In our study, patients treated with DAA plus interferon were excluded. Although the combination therapy may have no effect on the evaluation of liver pathology, based on the current situation of CHC treatment, majority of patients can be cured by simple DAAs. So, we pay more attention on correlation between CEI and pathology changes in patients cured by simple DAAs. It is worth mentioning that, HCV RNA was both detected at 12- and 24-wk after the end of treatment. The value of HCV RNA at 12-wk were also undetectable in patients achieving SVR24. Since patients were enrolled between 2014-2016, SVR12 and SVR24 both could be used at that time, while the 24-wk SVR last longer, it was used in our article. We specially agree that the current definition of SVR as an undetectable HCV RNA at 12 wk after the end of treatment.

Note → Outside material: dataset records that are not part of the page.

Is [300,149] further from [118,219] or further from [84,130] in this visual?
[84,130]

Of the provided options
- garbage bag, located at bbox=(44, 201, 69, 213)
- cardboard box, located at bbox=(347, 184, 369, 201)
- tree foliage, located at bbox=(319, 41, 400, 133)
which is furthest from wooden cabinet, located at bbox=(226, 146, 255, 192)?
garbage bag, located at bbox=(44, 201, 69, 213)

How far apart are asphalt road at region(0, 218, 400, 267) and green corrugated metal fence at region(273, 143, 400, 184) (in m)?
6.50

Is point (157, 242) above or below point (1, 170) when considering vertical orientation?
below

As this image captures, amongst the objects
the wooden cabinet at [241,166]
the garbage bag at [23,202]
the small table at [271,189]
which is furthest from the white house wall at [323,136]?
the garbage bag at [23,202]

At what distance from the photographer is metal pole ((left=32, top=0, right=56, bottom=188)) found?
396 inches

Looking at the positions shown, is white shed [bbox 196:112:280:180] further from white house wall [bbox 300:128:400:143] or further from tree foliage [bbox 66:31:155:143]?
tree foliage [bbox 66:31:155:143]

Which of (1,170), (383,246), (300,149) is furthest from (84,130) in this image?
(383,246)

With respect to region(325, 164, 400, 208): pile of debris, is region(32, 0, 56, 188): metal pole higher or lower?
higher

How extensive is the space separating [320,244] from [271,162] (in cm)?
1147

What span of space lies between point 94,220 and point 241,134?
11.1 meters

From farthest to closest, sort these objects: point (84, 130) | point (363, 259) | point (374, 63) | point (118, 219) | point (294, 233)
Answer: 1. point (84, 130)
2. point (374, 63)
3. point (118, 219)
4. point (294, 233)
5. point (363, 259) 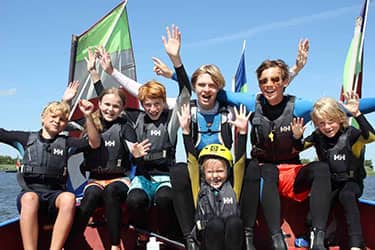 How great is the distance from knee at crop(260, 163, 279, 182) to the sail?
5.58m

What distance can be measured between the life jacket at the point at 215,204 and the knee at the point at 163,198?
38 cm

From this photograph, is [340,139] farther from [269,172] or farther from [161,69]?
[161,69]

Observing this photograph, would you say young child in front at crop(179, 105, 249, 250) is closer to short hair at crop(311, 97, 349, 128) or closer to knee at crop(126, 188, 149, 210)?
knee at crop(126, 188, 149, 210)

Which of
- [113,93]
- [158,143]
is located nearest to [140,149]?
[158,143]

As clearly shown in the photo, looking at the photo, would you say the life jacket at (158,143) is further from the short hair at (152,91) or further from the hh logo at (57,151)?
the hh logo at (57,151)

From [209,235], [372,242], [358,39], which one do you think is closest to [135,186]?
[209,235]

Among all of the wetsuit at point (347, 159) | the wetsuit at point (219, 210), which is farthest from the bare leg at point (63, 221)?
the wetsuit at point (347, 159)

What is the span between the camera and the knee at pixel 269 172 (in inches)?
167

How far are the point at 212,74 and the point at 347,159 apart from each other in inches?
55.3

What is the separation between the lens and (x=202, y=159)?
422 centimetres

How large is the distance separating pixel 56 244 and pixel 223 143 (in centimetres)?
168

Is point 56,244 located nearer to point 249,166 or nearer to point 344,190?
point 249,166

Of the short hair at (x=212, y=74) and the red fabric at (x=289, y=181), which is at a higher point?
the short hair at (x=212, y=74)

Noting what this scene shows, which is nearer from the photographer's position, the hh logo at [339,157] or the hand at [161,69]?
the hh logo at [339,157] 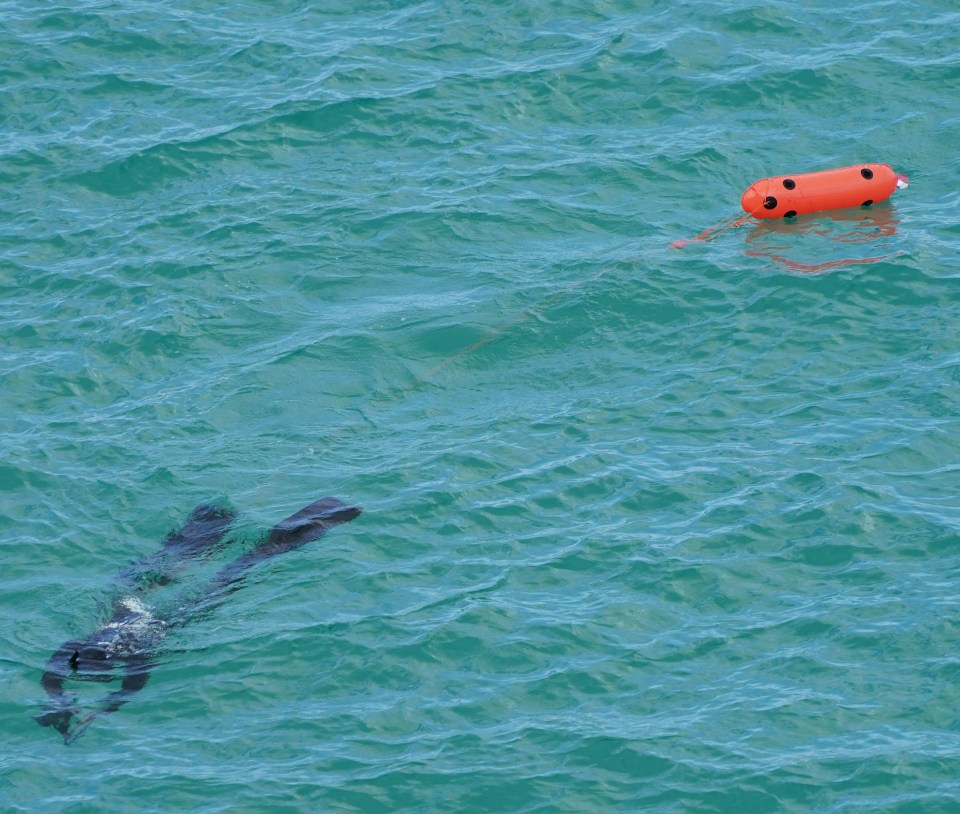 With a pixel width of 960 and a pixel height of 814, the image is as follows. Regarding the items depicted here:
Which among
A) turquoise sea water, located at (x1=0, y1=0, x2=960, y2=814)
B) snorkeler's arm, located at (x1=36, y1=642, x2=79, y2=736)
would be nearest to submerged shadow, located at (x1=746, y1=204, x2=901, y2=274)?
turquoise sea water, located at (x1=0, y1=0, x2=960, y2=814)

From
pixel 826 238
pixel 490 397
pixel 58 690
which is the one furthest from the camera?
pixel 826 238

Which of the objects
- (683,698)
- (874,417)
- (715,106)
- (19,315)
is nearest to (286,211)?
(19,315)

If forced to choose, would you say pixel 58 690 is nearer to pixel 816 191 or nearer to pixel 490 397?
pixel 490 397

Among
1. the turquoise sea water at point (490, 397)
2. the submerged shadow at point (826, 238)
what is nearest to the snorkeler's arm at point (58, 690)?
the turquoise sea water at point (490, 397)

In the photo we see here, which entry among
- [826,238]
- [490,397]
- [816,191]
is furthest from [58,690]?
[816,191]

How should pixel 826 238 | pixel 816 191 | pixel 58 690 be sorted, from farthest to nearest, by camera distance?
pixel 816 191 < pixel 826 238 < pixel 58 690
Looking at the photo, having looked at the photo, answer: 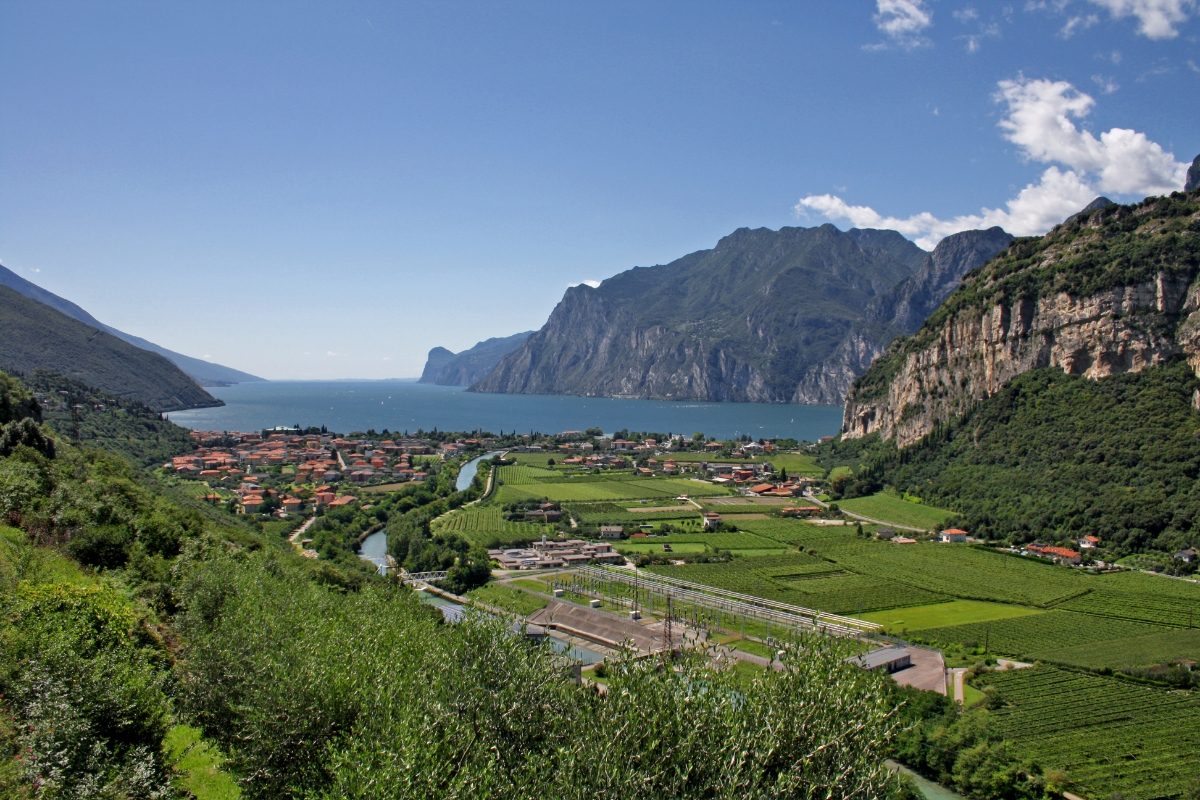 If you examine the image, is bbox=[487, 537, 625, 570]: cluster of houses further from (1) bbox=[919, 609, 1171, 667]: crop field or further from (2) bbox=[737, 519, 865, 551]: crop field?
(1) bbox=[919, 609, 1171, 667]: crop field

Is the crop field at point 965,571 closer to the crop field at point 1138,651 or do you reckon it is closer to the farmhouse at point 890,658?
the crop field at point 1138,651

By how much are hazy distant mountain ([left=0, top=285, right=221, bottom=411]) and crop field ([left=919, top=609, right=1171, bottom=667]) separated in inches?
4742

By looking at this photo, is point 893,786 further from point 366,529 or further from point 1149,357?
point 1149,357

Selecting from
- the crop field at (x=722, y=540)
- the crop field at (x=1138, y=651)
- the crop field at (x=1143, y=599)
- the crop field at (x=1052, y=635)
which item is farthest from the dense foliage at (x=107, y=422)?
the crop field at (x=1143, y=599)

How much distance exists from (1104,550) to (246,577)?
53.5 m

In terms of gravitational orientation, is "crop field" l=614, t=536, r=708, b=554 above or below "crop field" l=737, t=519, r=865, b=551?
below

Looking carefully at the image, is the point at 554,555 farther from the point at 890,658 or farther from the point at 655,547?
the point at 890,658

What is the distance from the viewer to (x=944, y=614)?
130ft

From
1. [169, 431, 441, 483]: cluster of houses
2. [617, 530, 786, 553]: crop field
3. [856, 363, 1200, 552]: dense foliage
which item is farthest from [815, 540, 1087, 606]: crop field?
[169, 431, 441, 483]: cluster of houses

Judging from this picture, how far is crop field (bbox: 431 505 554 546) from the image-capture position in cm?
5612

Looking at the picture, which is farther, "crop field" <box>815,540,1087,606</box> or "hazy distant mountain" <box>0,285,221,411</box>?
"hazy distant mountain" <box>0,285,221,411</box>

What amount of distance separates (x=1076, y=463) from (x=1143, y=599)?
77.2ft

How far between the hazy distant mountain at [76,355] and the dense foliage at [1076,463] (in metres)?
119

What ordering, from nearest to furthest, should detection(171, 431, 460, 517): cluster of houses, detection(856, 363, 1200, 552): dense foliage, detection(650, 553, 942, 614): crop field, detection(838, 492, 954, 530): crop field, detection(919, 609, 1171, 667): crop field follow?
detection(919, 609, 1171, 667): crop field, detection(650, 553, 942, 614): crop field, detection(856, 363, 1200, 552): dense foliage, detection(838, 492, 954, 530): crop field, detection(171, 431, 460, 517): cluster of houses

In the correlation analysis, we found that the CEI was mild negative related to both grade of inflammation and stage of fibrosis. Further hierarchical analysis showed that the CEI mainly decreased with the progression of liver fibrosis, which was consistent with the results of a previous multiple regression analysis[23]. As mentioned above, after achieving SVR, the overall liver fibrosis status was not notably improved, and the CEI also did not change significantly. Therefore, we combined 60 pairs of CEI and liver pathology data before and after treatment for analysis. It should be mentioned that the overall mHAI decreased after treatment, which may have affected the results. However, in our pre-analysis, we found that in the 21 paired MRI and liver biopsy samples after treatment, the correlation between the mHAI and Ishak score (r = 0.74, P < 0.001) remained significant. This may be because the patients with a mHAI > 13 at baseline had liver cirrhosis. After achieving SVR, there was no significant improvement in fibrosis or in the inflammation status. It was also shown that the correlation between the CEI and fibrosis stage remained relatively stable and was not related to the treatment state.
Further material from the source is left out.